2. Prepare your planting hole. If your rock doesn't already have a hole or crevice, you can easily carve your own with a file or a drill. Be sure to save the resulting debris so that you can use it as a decorative soil or mulch! Gently remove the plant from its pot and rinse away any unsuitable soil from the roots.
3. Place the tree. Hold the plant in the hole at the level it will be grown, and start slowly adding soil to the hole, using your fingers to pack it in loosely. If there is a crevice along the side of the rock, be sure to drape one of the plant's roots over the edge and pack it tightly with sphagnum moss so that roots will eventually cling to the edge in a picturesque way.

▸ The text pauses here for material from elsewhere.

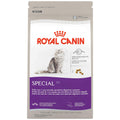 Cat Dry Food H75801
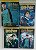 Dvd Harry Potter 1-3 Box Coleção Editora (2004) [usado] - Imagem 1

4. Add any 'companion' plants. On a whim, I added a couple of Selaginella cuttings which quickly began rooting along the side of the rock, clinging to the edge. My rock already had moss, but you can easily add your own over time. I added an extra planted rock with a dwarf mondo grass and Rhipsalis seedlings to complete the illusion of a miniature world.
5. Place in a saucer. It could be empty or lined with decorative gravel, but be sure to choose one that complements your arrangement. I've been using a square one that looks horrible, but will soon upgrade to an elongated oval or rectangle.
Watering is simple, really. Just keep the rock moist, but not soggy. You could achieve this filling the saucer a bit at a time and letting the rock soak it all in, but the safest and most attractive method is to keep it on a tray filled with gravel and remove the rock when it's time to water. That way you never have to worry about overwatering!
Fertilize lightly with time release granules so that the nutrients don't drain out all at once while watering. Prune as needed to create the look that most appeals to you. I actually removed all of the leaves from my bonsai a few months back which has resulted in smaller, more compact growth.